● RECORDS SHOWN:
================

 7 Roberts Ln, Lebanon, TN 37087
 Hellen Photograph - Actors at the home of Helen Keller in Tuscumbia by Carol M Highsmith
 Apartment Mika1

================

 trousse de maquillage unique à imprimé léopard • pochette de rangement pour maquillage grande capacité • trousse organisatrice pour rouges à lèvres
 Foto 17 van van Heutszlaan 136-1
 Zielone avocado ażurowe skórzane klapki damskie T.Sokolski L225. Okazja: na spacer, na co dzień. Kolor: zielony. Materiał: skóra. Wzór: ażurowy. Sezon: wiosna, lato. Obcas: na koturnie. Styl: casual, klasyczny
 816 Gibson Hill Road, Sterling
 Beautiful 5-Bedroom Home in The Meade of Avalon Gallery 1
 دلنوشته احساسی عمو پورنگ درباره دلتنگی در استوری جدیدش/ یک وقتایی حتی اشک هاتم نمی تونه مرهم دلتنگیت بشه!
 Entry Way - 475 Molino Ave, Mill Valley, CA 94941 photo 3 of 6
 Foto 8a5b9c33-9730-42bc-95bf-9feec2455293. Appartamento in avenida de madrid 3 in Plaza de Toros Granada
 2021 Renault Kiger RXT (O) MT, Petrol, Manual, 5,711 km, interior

================

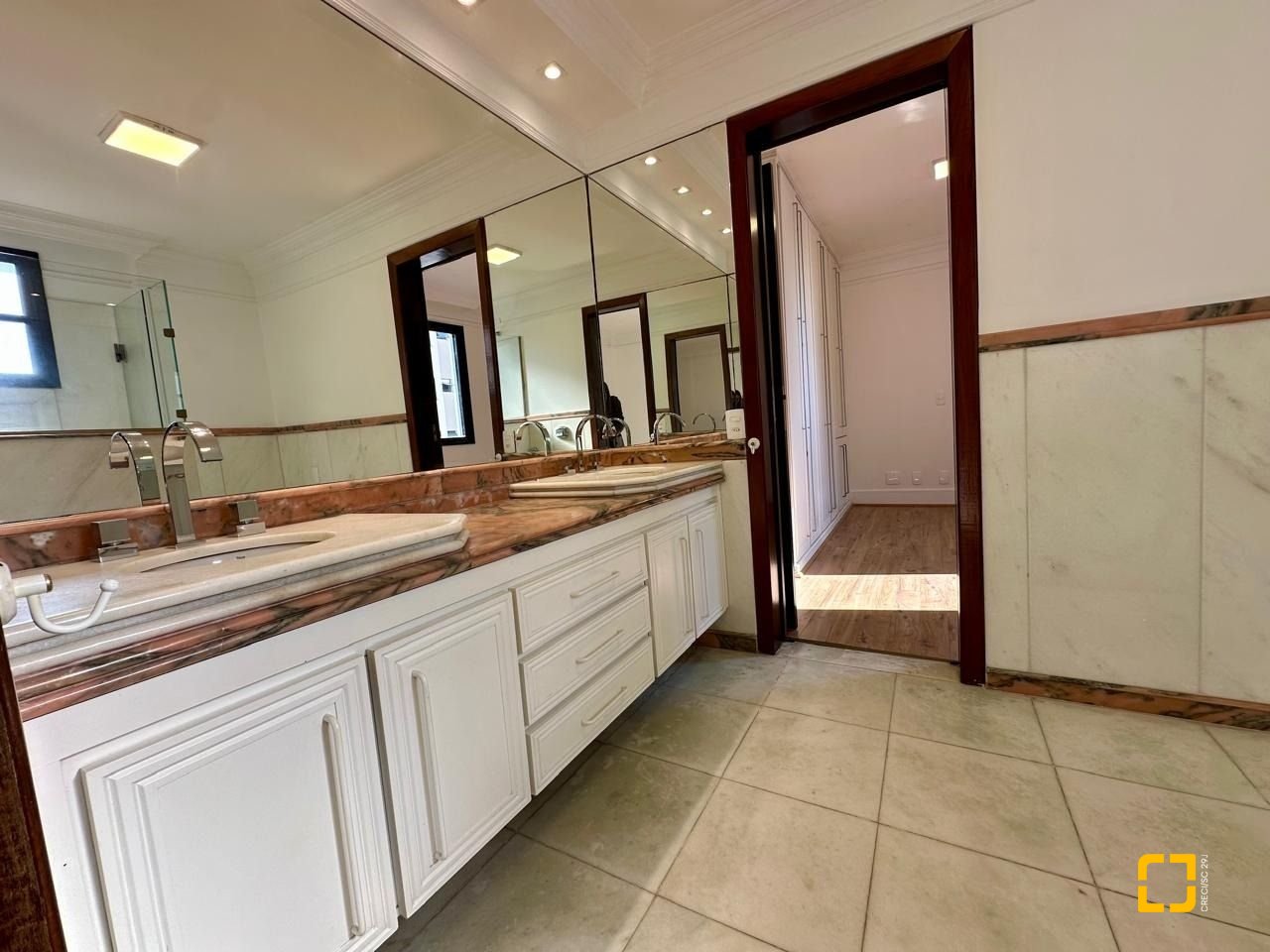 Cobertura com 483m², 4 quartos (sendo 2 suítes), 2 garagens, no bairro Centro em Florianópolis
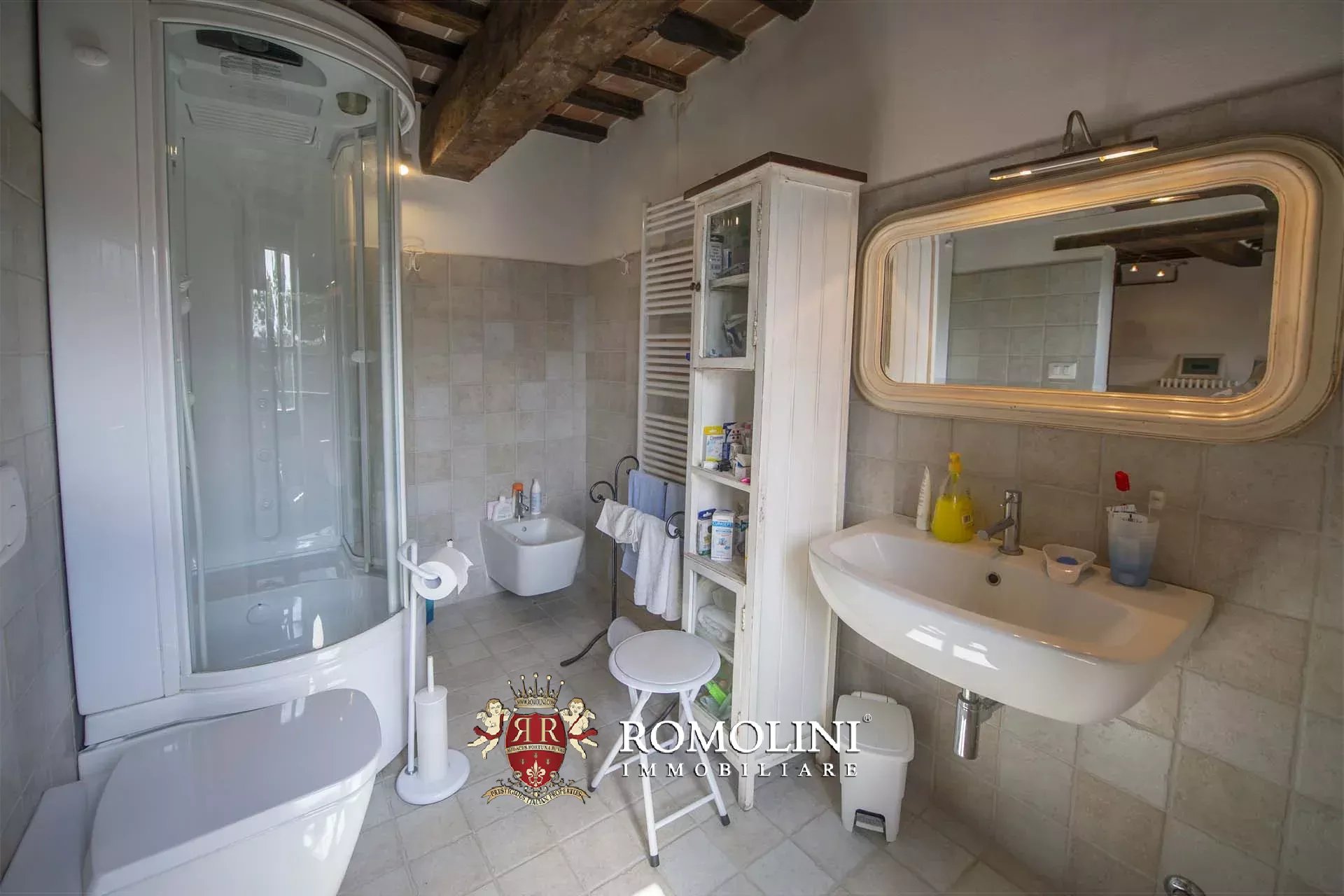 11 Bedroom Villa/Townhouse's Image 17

================

● WORK ITEM:
Could you retype exactly the lines above, starting at the line that contains "7 Roberts Ln, Lebanon, TN 37087" and ending at the line that contains "Apartment Mika1", and nothing more?

● RESULT:
 7 Roberts Ln, Lebanon, TN 37087
 Hellen Photograph - Actors at the home of Helen Keller in Tuscumbia by Carol M Highsmith
 Apartment Mika1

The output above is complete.